▸ DATA UNDER STUDY:
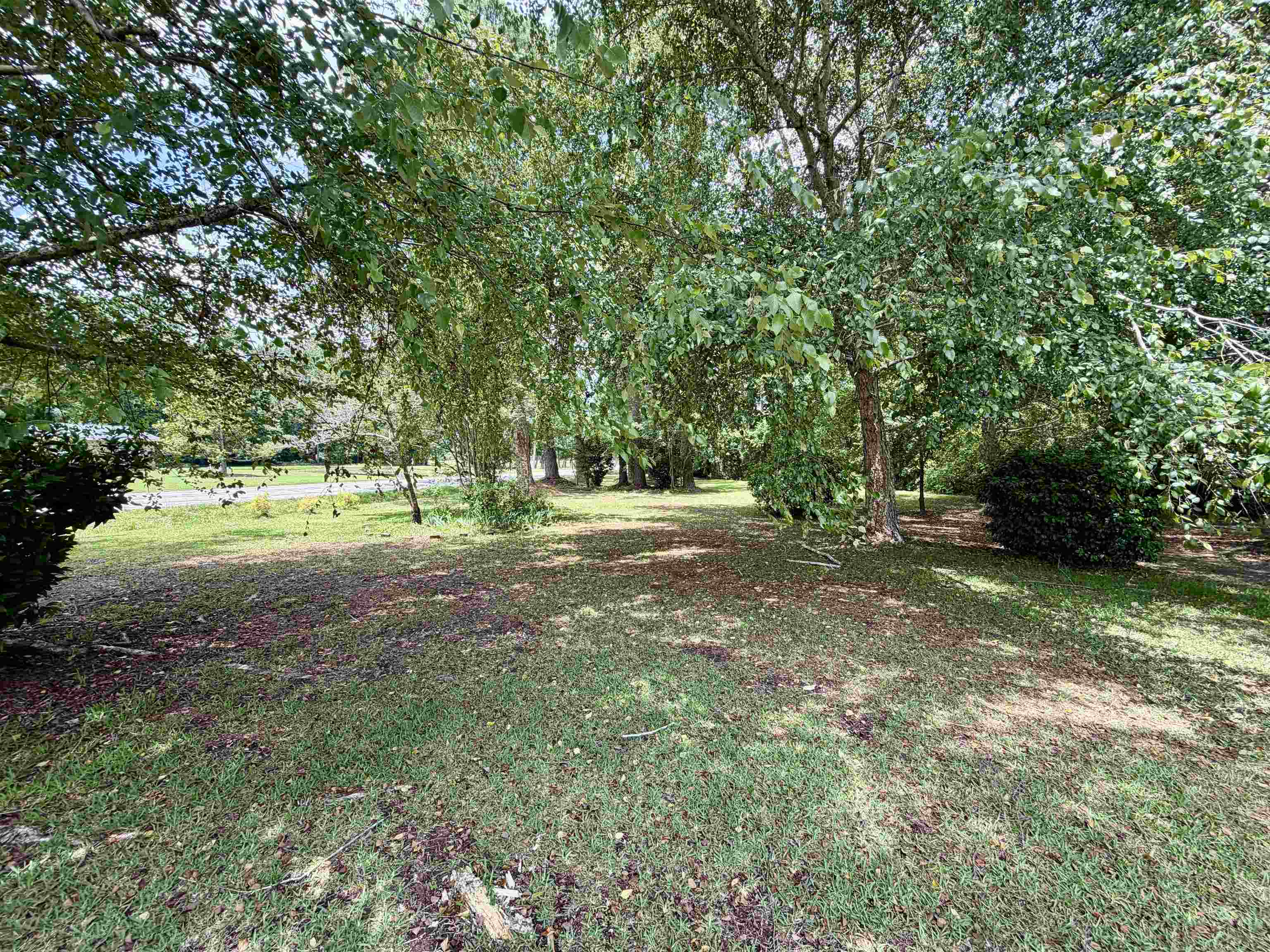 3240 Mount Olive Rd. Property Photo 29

==

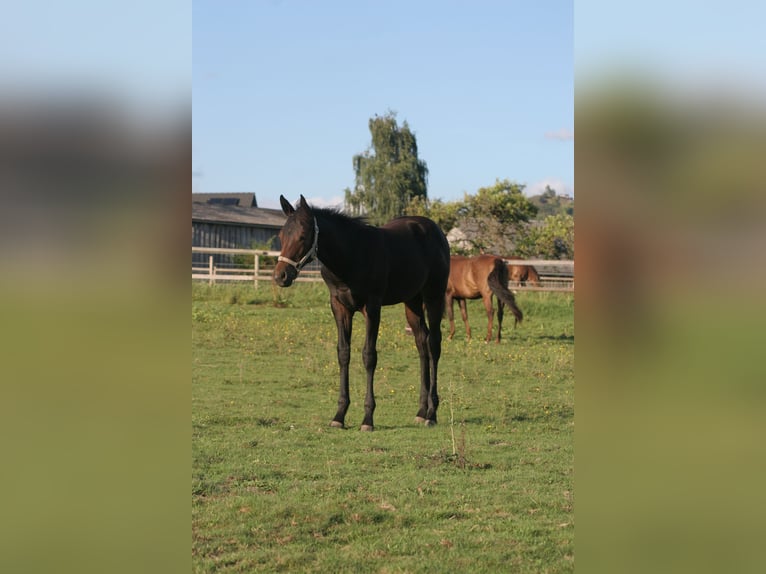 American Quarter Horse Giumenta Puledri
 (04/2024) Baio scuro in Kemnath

▸ TASK DIRECTIONS: "American Quarter Horse Giumenta Puledri" marks the first line to copy, and "(04/2024) Baio scuro in Kemnath" marks the last. Repeat that stretch above exactly, with no pictures.

▸ TASK RESPONSE:
 American Quarter Horse Giumenta Puledri
 (04/2024) Baio scuro in Kemnath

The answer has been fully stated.